References: [2002] EWHC 2601 (Comm), [2003] 1 All ER (Comm) 277, [2003] 1 Lloyd’s Rep 296
Links: Bailii
Coram: Tomlinson J
Ratio: The claimant ship owner and its mortgagee sued the defendant insurer after the loss of the insured vessel, through fire. The insurers replied that the damage by fire was so extensive that the vessel was beyond repair when she sank, and was therefore a constructive total loss (‘CTL’). They said the cause of the loss was not the fire, and the loss was uninsured.
Held: Abandonment of the subject-matter insured will take place by operation of law when the underwriters settle the claim. Section 61 is thus satisfied. The insured has been deprived of his right of choice envisaged by Section 61. He has no option but to treat the vessel as a total loss. Section 62(7) says in terms that notice of abandonment is unnecessary where when the insured receives information of the loss there would be no possibility of benefit to the insurer if notice were given to him. The Claimants were entitled to recover as for a CTL.
Statutes: Marine Insurance Act 1906 6162(7) 77(2)
This case cites:
- See Also – Kastor Navigation Co Ltd and Another v AGF M A T and others ComC (Bailii, [2003] EWHC 472 (Comm), Times 29-Mar-03)
The court was able to make costs orders which differentiated between different stages and elements of a case. This might well result, as here, in a situation of a succesful claimant being ordered to pay 80% of the defendant’s costs, because of costs . . - Cited – Le Cheminant v Pearson ((1812) 4 Taunt 367)

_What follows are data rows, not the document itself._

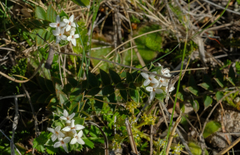 Pimelea pseudolyallii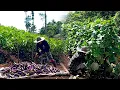 Download Lagu FULL VIDEO kehidupan di gunung merawat tanaman dan panen
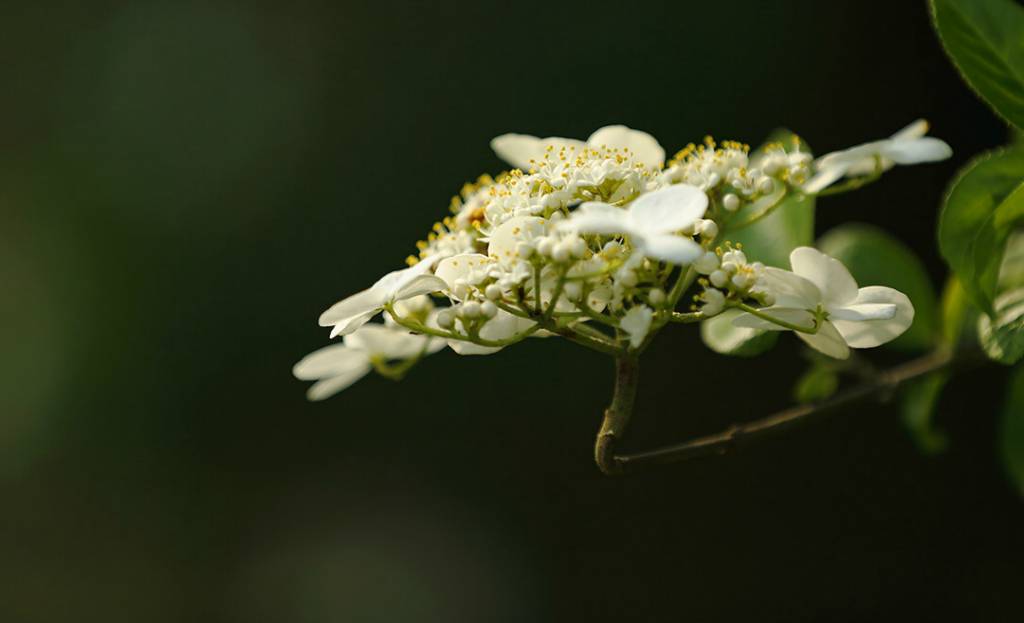 琼花之名本是泛指开着美丽花朵的花卉,后人将琼花的花语一般认为是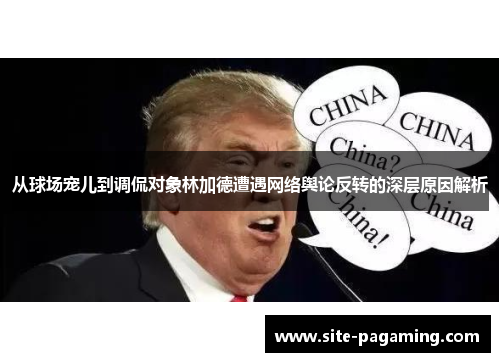 从球场宠儿到调侃对象林加德遭遇网络舆论反转的深层原因解析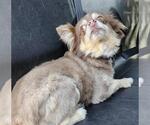 Small Pomeranian Mix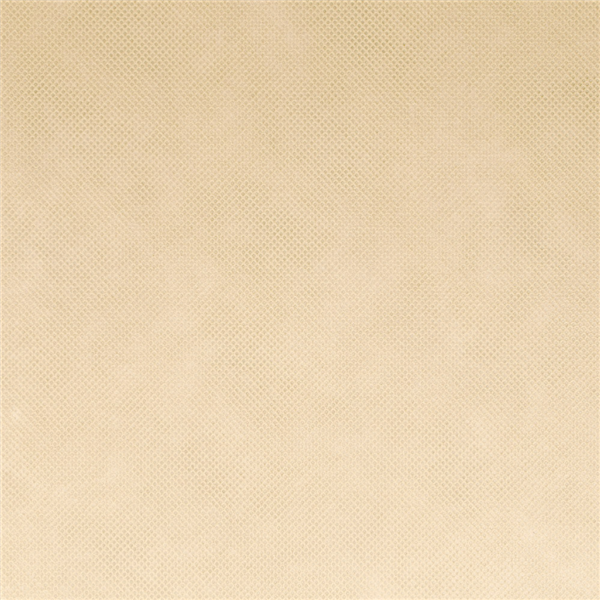 Garcia De Pou MANTEL 'SPUNBOND' 60 G/M2 1 20x50 M CREMA PP (1 UNID.)
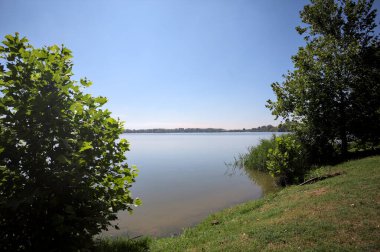 Güneşli bir günde iki ağaç tarafından çerçevelenmiş kıyıdan görülebilen bir göl.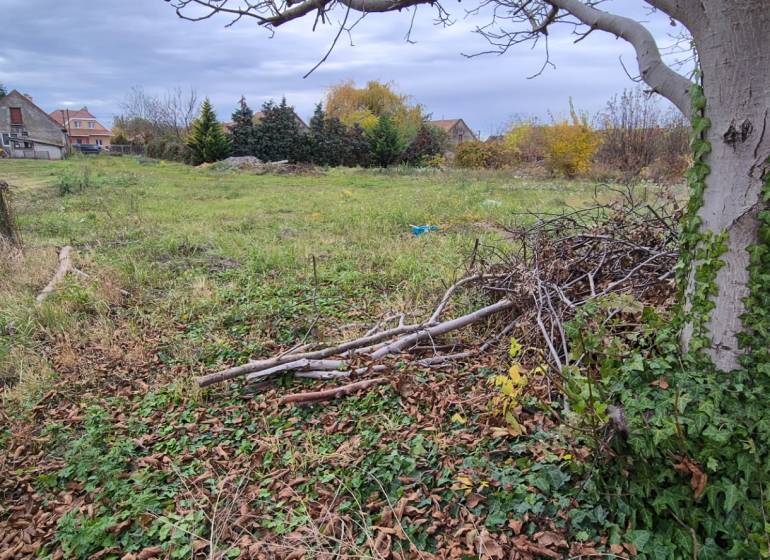 Pozemek v Tvrdošovcích vhodný k bydlení, obklopený stromy a zelení.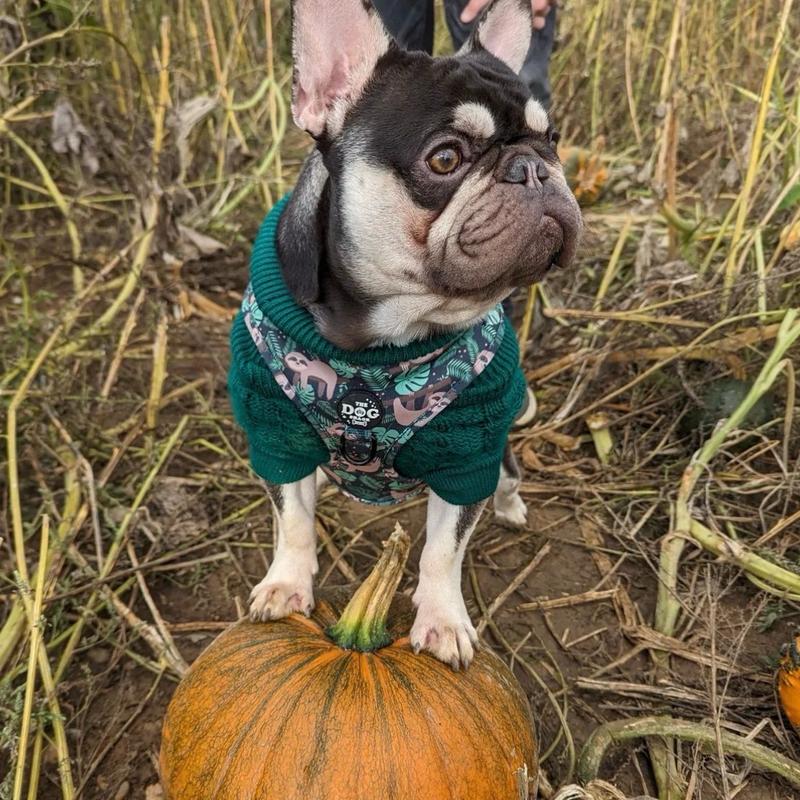 The Dog Shack Sid The Sloth Dog Harness & Matching Accessories / pick your item x1 basset hound 2
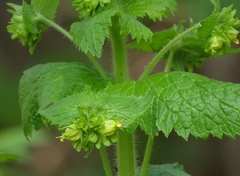 Scrophularia vernalis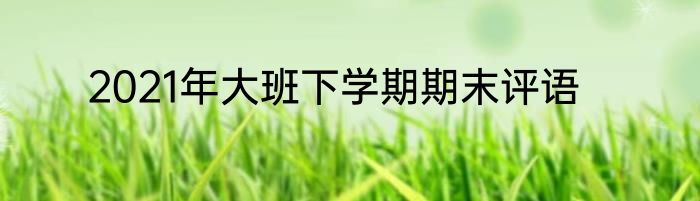 2021年大班下学期期末评语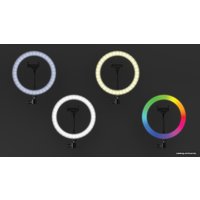 Кольцевая лампа Ritmix RRL-263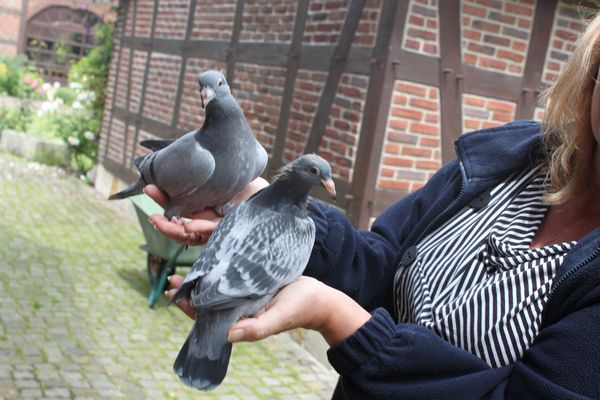 ������������������(ͼ)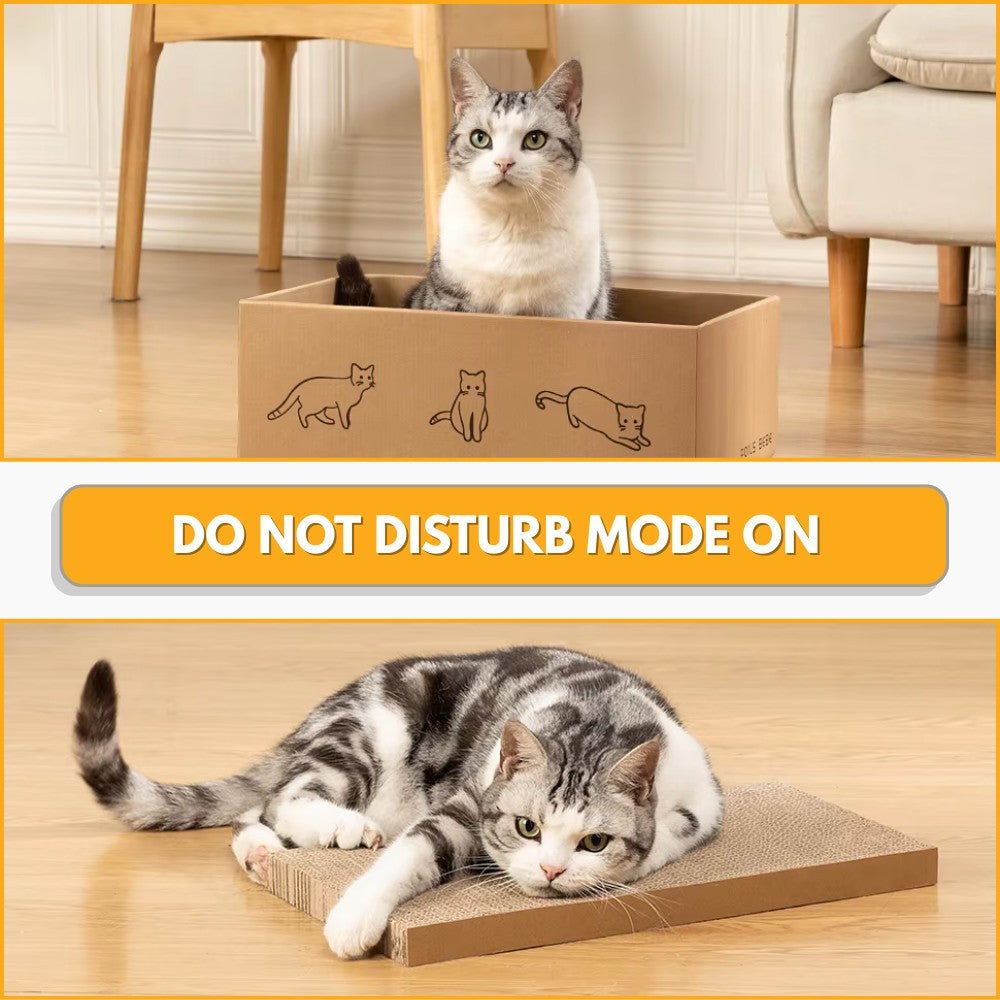 5PC Cat Cardboard Scratch Bed Multi-use Kitten Claw Grinding Scratcher Pad Box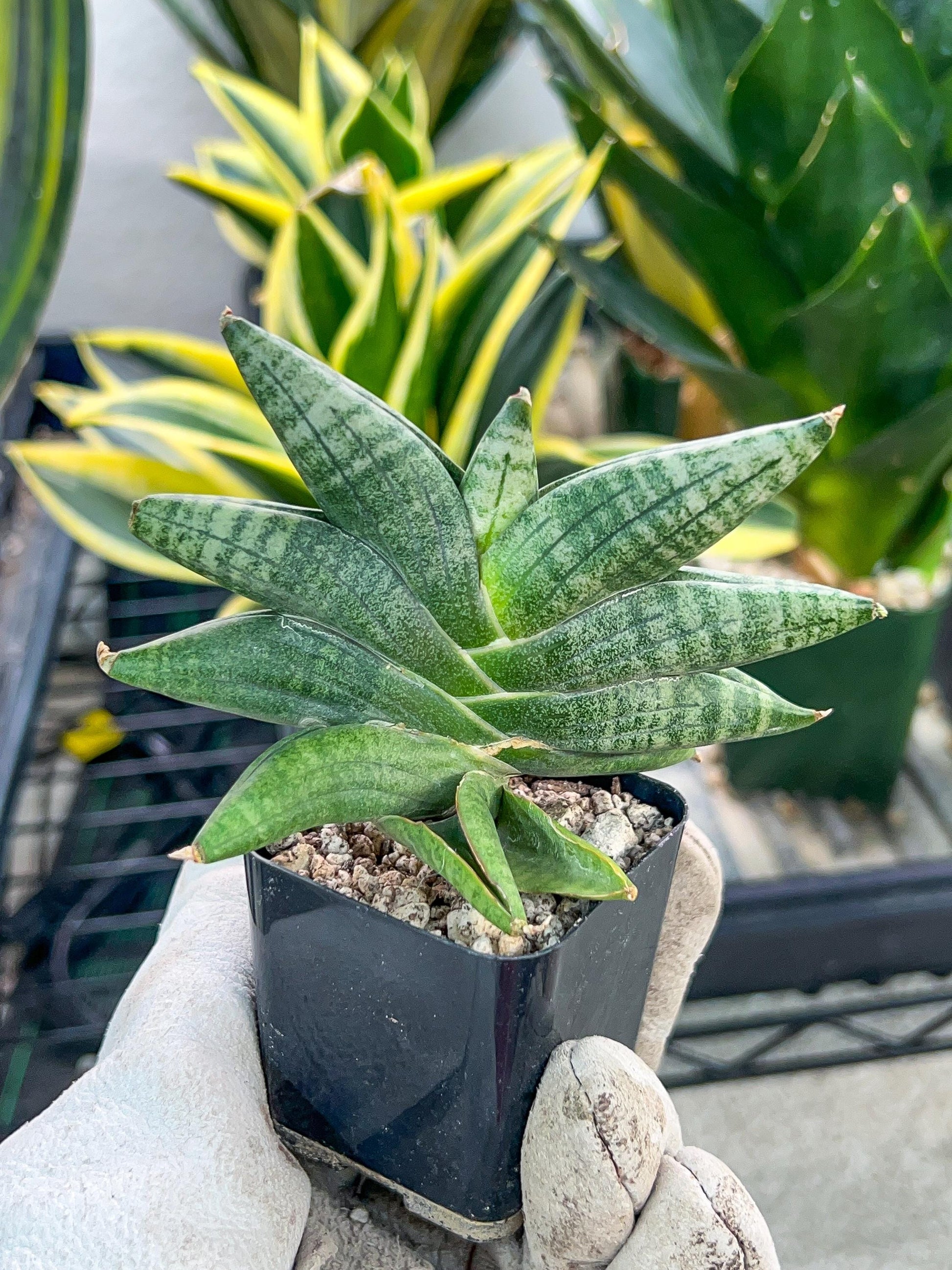 Sansevieria Black Zumo (#RA27) | New type of Imported Hybrids | 2" Pot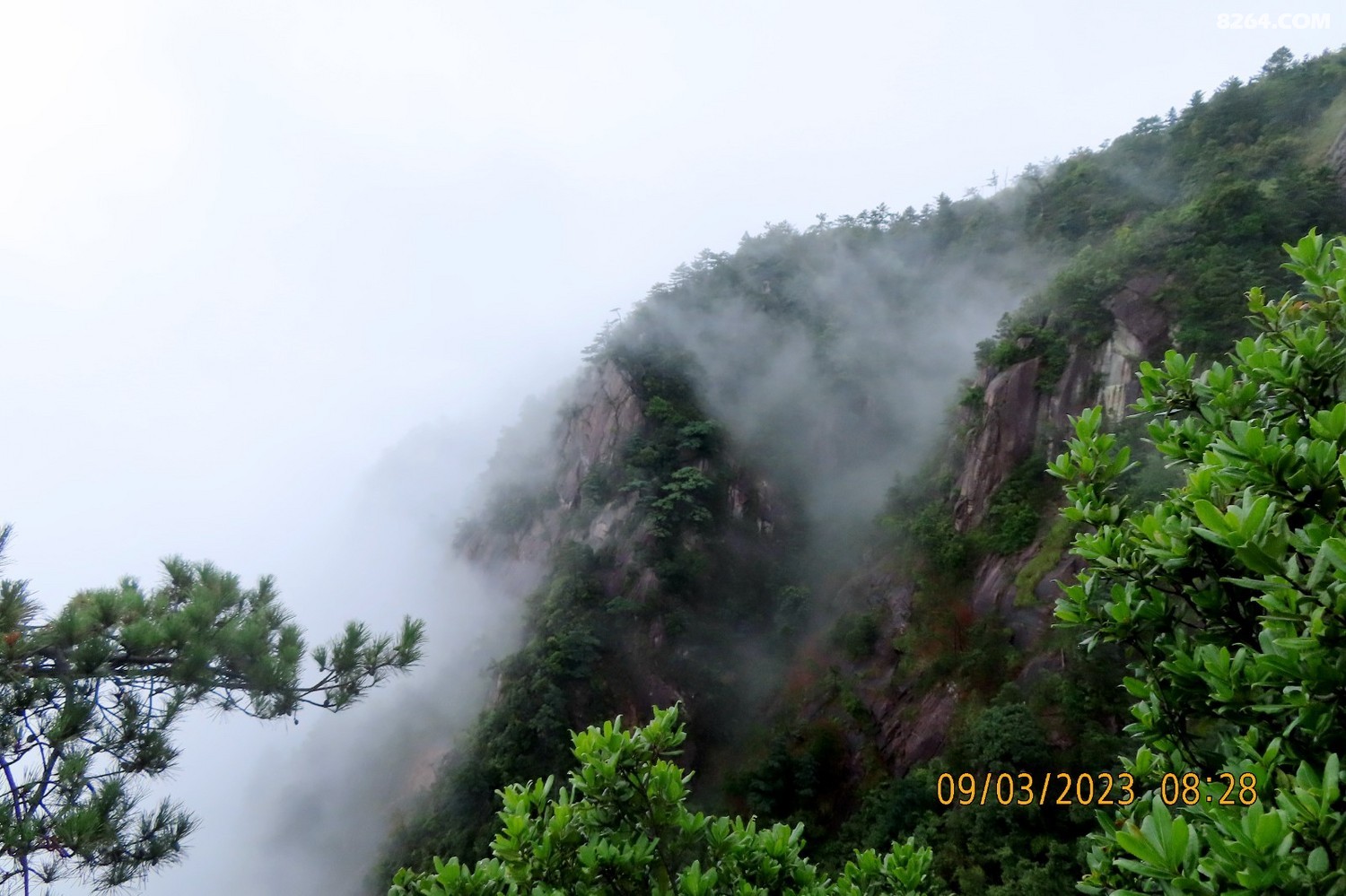 IMG_3457.JPG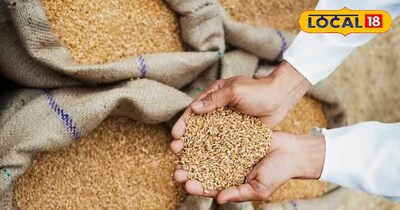 Wheat will remain unspoiled for years, and will be protected from pests and inse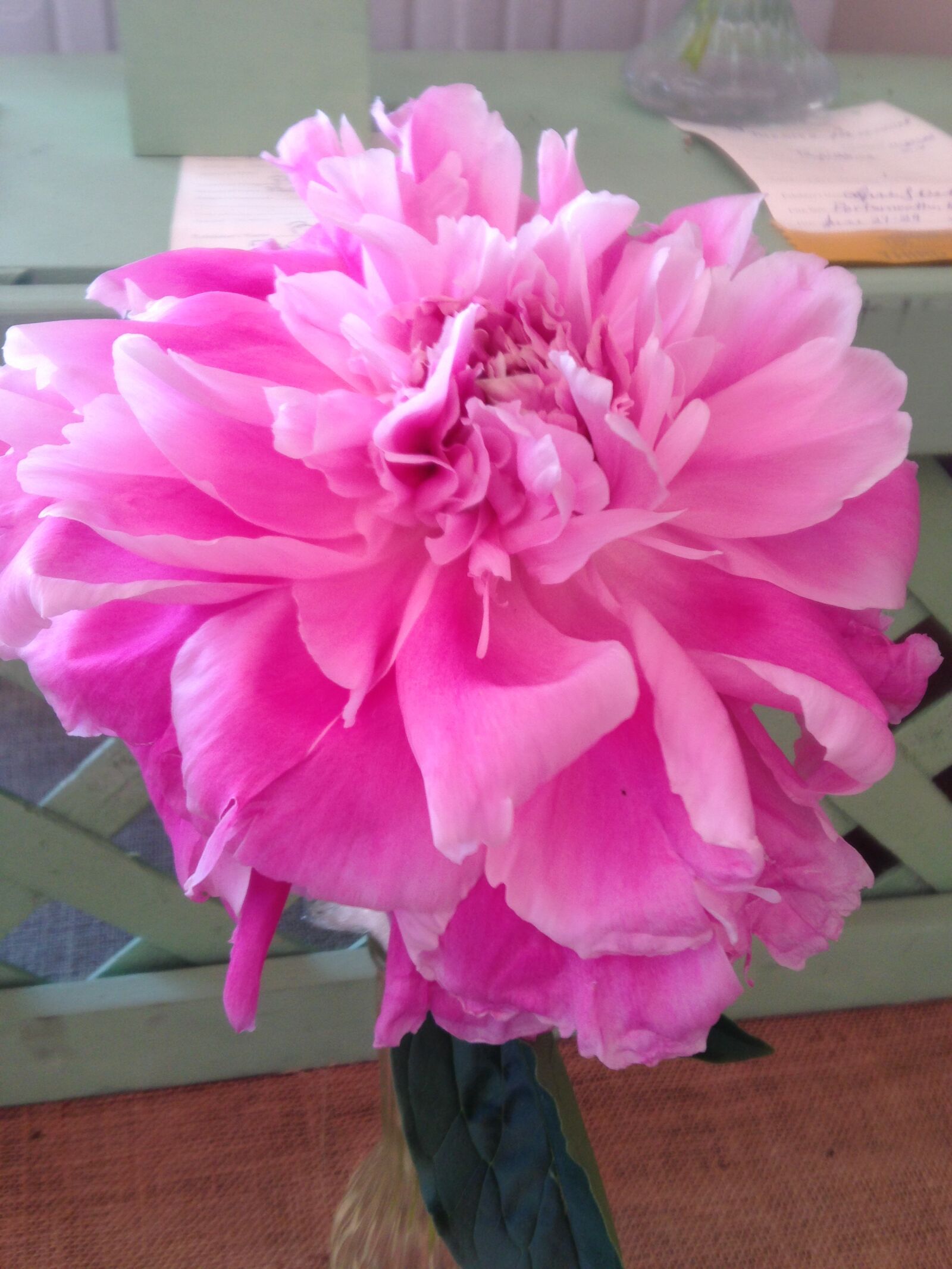 iPhone 5 back camera 4.12mm f/2.4 sample photo. Pink, fuchsia, flower photography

The insured having carried out a partial repair folowing one incident, the vessel was then a total loss.
Held: The insured could recover both losses. . . - Cited – Slattery v Mance ([1962] 1 QB 676)
Where the insured property is damaged in a fire, unless the insurers allege that it had been started deliberately with the connivance of the insured, acceptance that a fire had occurred amounted to admission of the operation of an insured peril. . . - Cited – Robertson v Nomikos HL ([1939] AC 371)
The ship suffered a constructive total loss under the terms of their freight insurance policy, which stipulated that the value when repaired was to be taken as the insured value. The cost of repairs was greater than the insured value, but less than . . - Cited – Bank of America National Trust and Savings Association v Chrismas (‘The Kyriaki’) QBD ([1993] 1 Lloyd’s Rep 137, Times 26-Aug-92)
When a party seeks to add a new defendant by the amendment of a writ, that amended writ must be served within the applicable limitation period. For limitation purposes the assured’s cause of action arose at the date of the CTL casualty, that a . . - Cited – Chandris v Argo Insurance Ltd ([1963] 2 LLoyds Rep 64)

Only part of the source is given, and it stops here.